There is a way to tackle themes of urban criminality, threatened masculinity and disaffected youth correctly: witness the Hughes Brothers, Melvin van Peebles, Larry Clark, City of God and Mean Streets. For British films produced in the last decade, few have aspired to similar designs: I count only Shifty, Bullet Boy and Attack the Block. Directors of all three have abandoned the genre and moved onto pastures new. Only Shane Meadows (This is England) soldiers on, though in running concentric circles around Thatcher-era Britain, his films feel more like historical artefacts. Noel Clarke, meanwhile, who provoked a second-wave of these films with Kidulthood, services his own ego as much as his apparent commitments to sociological exactitude.    
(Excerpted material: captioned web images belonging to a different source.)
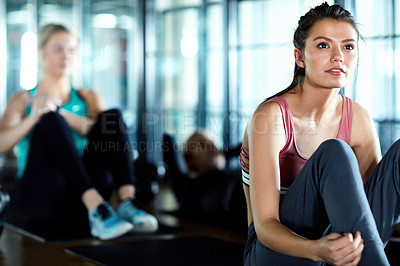 Buy stock photo Shot of an attractive young woman taking a break during her workout in the gym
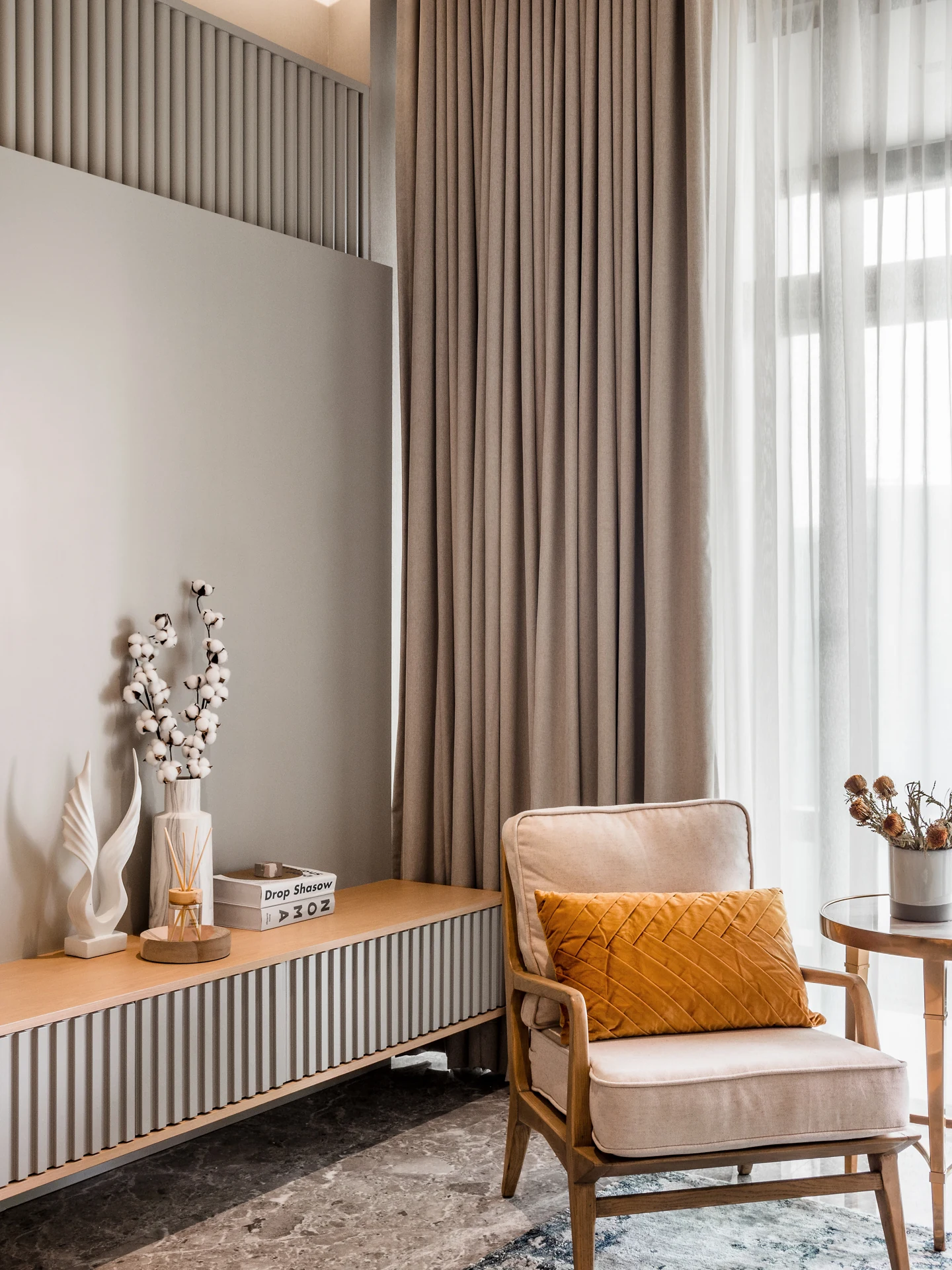 Reading corner with accent armchair and fluted sideboard in a living hall at Four Seasons Residences, KLCC.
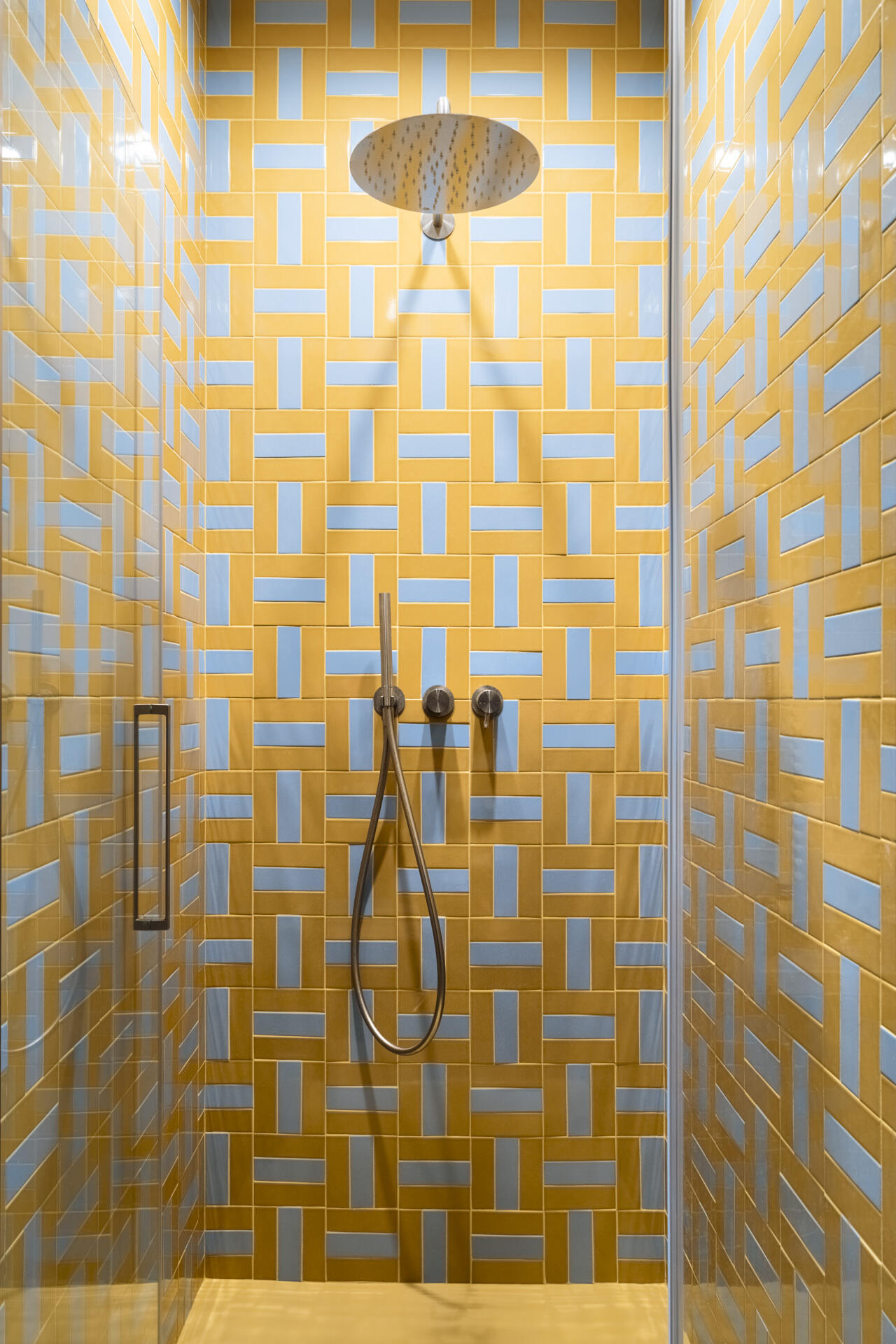 A colorful bathroom combines deep cobalt-blue walls, a long vanity countertop, a yellow towel radiator, and a walk-in shower covered in geometric yellow and pale-blue rectangular tiles.
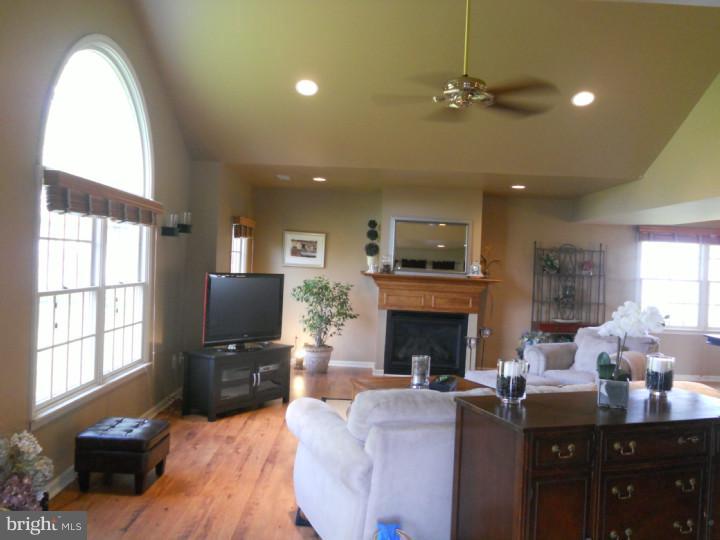 11 Nottingham Road Evesham, NJ 08053 - Photo 10 of 23 a living room with furniture fireplace and flat screen tv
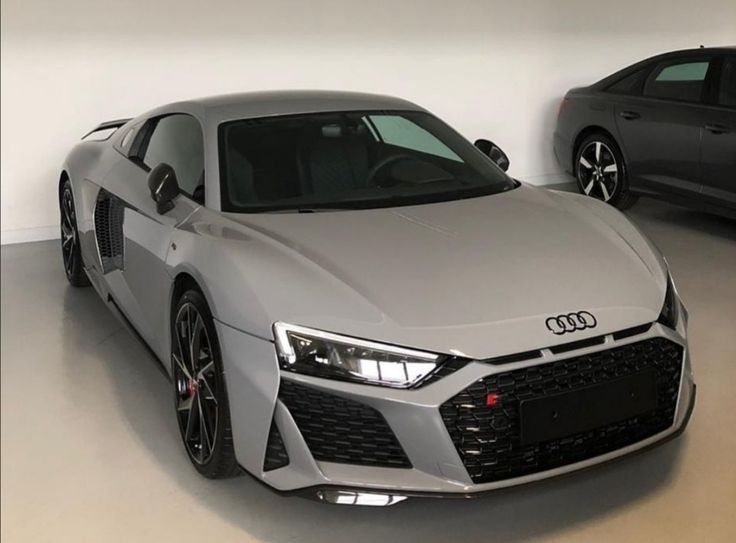 two cars are parked in a garage with one is grey and the other is black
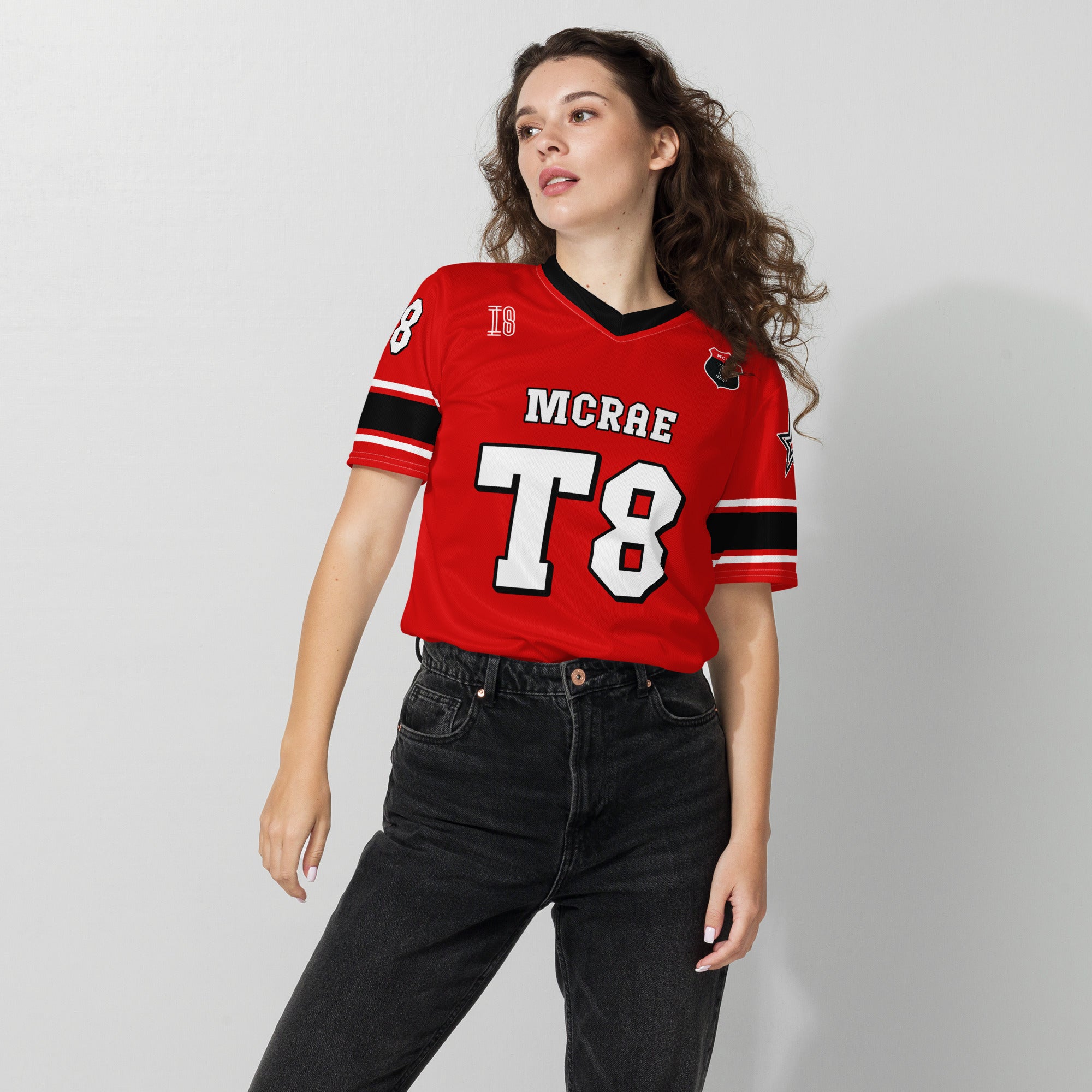 A red, black, and white football jersey with Tate Mcare on the back and front in white with a white outline.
But there’s life in the old dog yet, as the existence of Turnout and Big Fat Gypsy Gangster bear out. One wonders what the commissioning process on these films is exactly. Blackmail? Extortion? If the representations of criminality in the films themselves are anything to go by the writers behind them couldn’t fleece a blind man in a Karrimor factory. The truer answer is probably stupidity – if not in IQ, then in calculated cynicism. Anyone could aimlessly doodle the most ridiculous premise that tumbled into their head, pitch it to the right people, drop some platitudes about social media, and be duly rewarded with a fat bag of money to fritter on some pointless waste of celluloid. For example: 

Pop-star-turned-actor Dane Bowers stars as James “The Big Dog” Coulfax who finds out his mother (Oxo Mum Lynda Bellingham) is actually a crack cocaine dealer named “Babooshka” out to gun him down. Bowers has 24 hours to board “the gravy train” before he’s assassinated by a jive-talking street pusher named Sub-Mentalz (Big Fat Gypsy Gangster star Ricky Grover). One of the most iconic actors of his generation, Danny Dyer, stars as the mellifluous Joshua “Douchebag” Makepeace – a one-eyed war-torn refugee from Cuba enlisted by Bowers to help take down his drug-running matriarch. Unfortunately Dyer begins a volatile sexual relationship with Bellingham as things begin to spiral out of control…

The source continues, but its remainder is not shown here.